Bila dibandingkan dengan laporan keuangan tahun 2022 yang mencatatkan kerugian Rp59,59 miliar jumlah kerugian tahun 2023 tercatat membengkak 1200 kali lipat. Jumlah yang sangat mencengangkan. 

Salah satu penyebab utama kerugian ini adalah investasi WIKA dalam proyek kereta cepat Jakarta-Bandung, nilainya mencapai Rp 6,1 triliun. Dana tersebut disetor ke konsorsium kereta cepat melalui PSBI. 

Direktur Utama WIKA, Agung Budi Waskito, menyatakan perusahaannya yang memiliki utang besar sebesar Rp6,1 triliun, masih harus memikirkan utang senilai Rp5,5 triliun yang masih belum dibayar. 

Akibatnya, WIKA harus menanggung beban utang hampir Rp12 triliun, Diakui Agus hal ini semakin memperberat kondisi keuangan perusahaan. “Beban lain-lain ini di antaranya mulai tahun 2022 kami sudah mencatat adanya kerugian dari PSBI atau kereta cepat,” keluh Agus di depan anggota Parlemen, dikutip TrenAsia 10 Juli 2024.

Nasib yang sama juga dialami PT Kereta Api Indonesia, KAI dilaporkan menghadapi tekanan finansial yang semakin parah akibat proyek kereta cepat.

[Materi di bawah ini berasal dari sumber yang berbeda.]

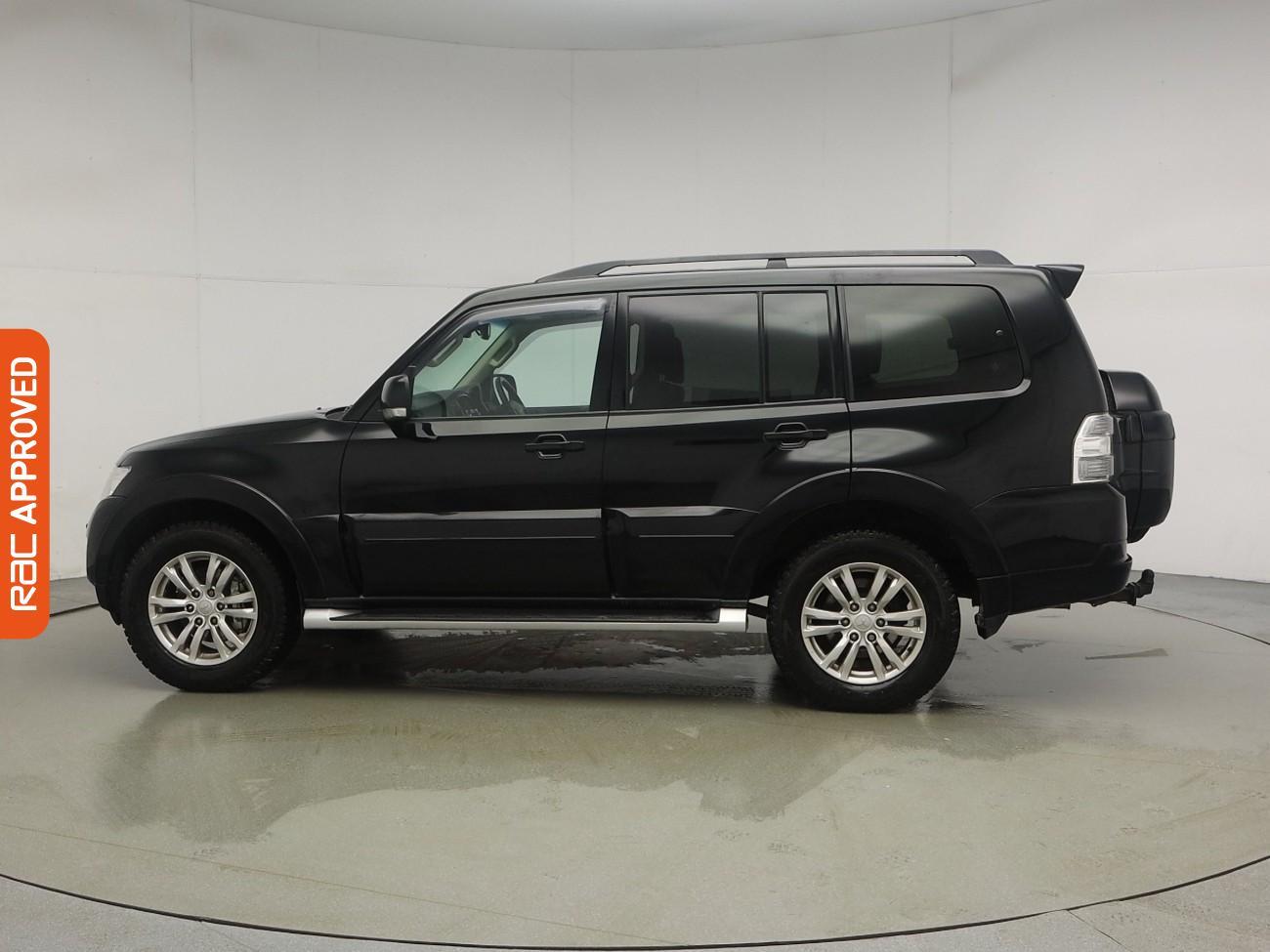 Used Mitsubishi Shogun 2016 for sale - 77257720: Photo 33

Sebelumnya Komite Kereta Cepat yang dipimpin Menteri Koordinator Bidang Kemaritiman dan Investasi Luhut Binsar Panjaitan dan beranggotakan Menteri Perhubungan Budi Karya Sumadi, Menteri Keuangan Sri Mulyani, serta Menteri BUMN Erick Thohir, meminta KAI menyetor dividen guna mendukung pembangunan kereta cepat.  Akhirnya KAI menyetor dividen perusahaannya pada tahun 2021-2023.

KAI sejatinya sudah kesulitan membayar utang, karena jumlahnya yang besar dan kewajiban cicilan kepada China Development Bank (CDB), serta biaya operasional kereta cepat Whoosh yang terus merugi akibat rendahnya jumlah penumpang. Pada kuartal keempat tahun 2023, utang KAI dilaporkan sudah membengkak hingga Rp50,46 triliun. 

Bukan merosot, jumlah utang tersebut justru membengkak jadi Rp56,56 triliun pada kuartal pertama tahun 2024 setelah CDB memberikan suntikan dana tambahan  pada februari 2024 sebesar Rp6,98 triliun untuk menutup kerugian proyek Whoosh. 

EVP Corporate Secretary KAI, Raden Agus Dwinanto, menyampaikan keluhannya pada bulan April 2024, Agus mengungkapkan perusahaan akan kesulitan melunasi utang sebesar itu tanpa dukungan dari pemerintah.  "Bagaimana cara lunasinya? Kita meminta dukungan, karena namanya infrastruktur dibebankan ke operator berat sekali ya," terang Raden.

Menilik Kembali Bengkaknya Utang Whoosh

Awalnya pembangunan Kereta Cepat Whoosh diperkirakan menelan dana sebesar US$6,07 miliar atau sekitar Rp98,57 triliun (kurs Rp16.240). Dana tersebut rencananya akan ditutup melalui ekuitas KCIC sebesar US$1,52 miliar atau sekitar Rp24,68 triliun , nilai ini mencangkup 25% dari keseluruhan proyek.

Sisanya sekitar 75% akan ditutup melalui pinjaman dari China Development Bank (CDB) sebesar US$4,55 miliar atau sekitar Rp73,89 triliun. Pinjaman dari CDB tersebut bertenor 40 tahun dengan suku bunga 2% per tahun dalam mata uang dolar AS. 

Namun, biaya proyek ini justru membengkak tak terkendali hingga US$1,2 miliar atau sekitar Rp19,48 triliun dari perkiraan awal. Sehingga total biaya pembangunan Whoosh secara keseluruhan meningkat menjadi US$7,28 miliar atau sekitar Rp118,22 triliun. 

Kenaikan biaya ini menambah beban keuangan pada konsorsium dan memperparah kondisi finansial perusahaan yang terlibat dalam proyek ini.